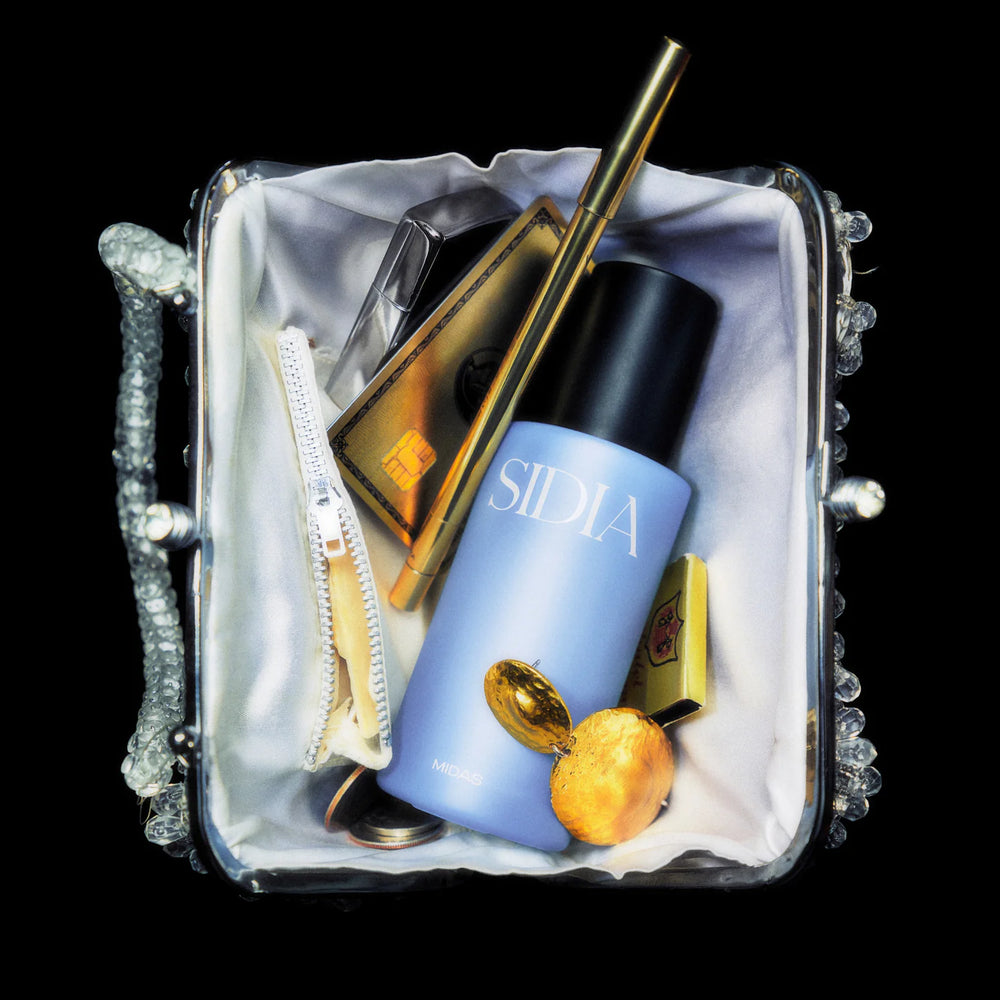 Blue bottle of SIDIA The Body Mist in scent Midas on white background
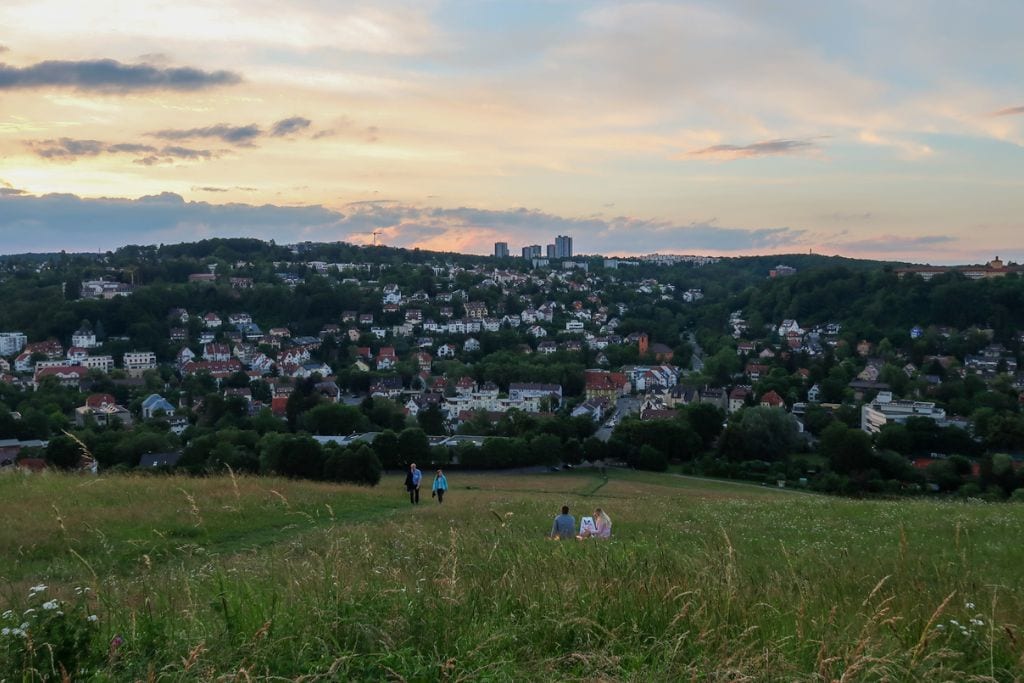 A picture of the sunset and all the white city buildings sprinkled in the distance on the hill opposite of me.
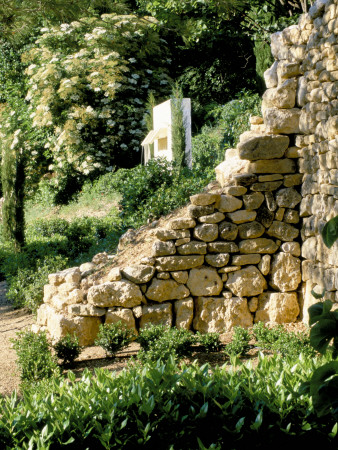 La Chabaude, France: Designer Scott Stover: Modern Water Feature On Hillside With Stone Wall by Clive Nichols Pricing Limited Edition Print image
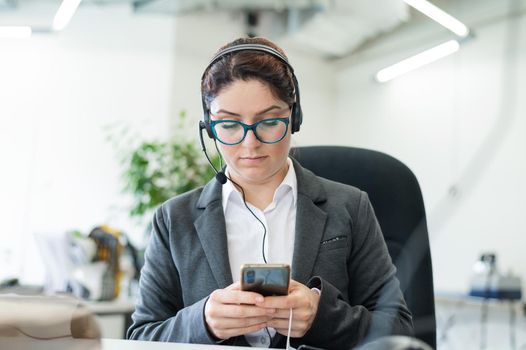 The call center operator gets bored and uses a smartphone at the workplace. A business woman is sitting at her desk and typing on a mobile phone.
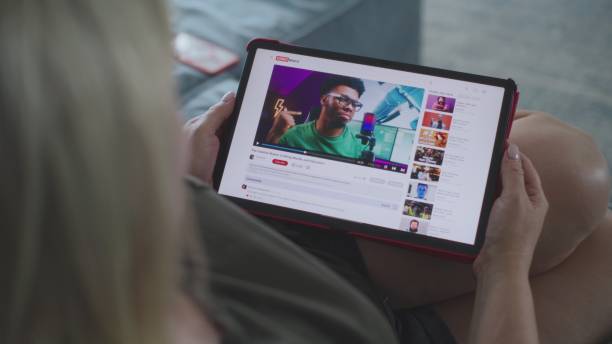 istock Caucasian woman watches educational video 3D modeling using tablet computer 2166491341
□ □ □ □ □ □ □
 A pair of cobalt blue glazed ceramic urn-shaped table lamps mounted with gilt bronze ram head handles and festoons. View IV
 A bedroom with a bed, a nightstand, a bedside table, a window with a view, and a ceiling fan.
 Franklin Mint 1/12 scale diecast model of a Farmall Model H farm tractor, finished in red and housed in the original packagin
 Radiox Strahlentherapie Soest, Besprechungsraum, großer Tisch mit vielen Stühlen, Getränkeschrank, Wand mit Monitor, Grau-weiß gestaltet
□ □ □ □ □ □ □
▸ What the task requires
Reproduce exactly the lines above that run from the one with "A picture of" to the one with "The call center", both included, leaving pictures out.

▸ Result of this task
 A picture of the sunset and all the white city buildings sprinkled in the distance on the hill opposite of me.
 La Chabaude, France: Designer Scott Stover: Modern Water Feature On Hillside With Stone Wall by Clive Nichols Pricing Limited Edition Print image
 The call center operator gets bored and uses a smartphone at the workplace. A business woman is sitting at her desk and typing on a mobile phone.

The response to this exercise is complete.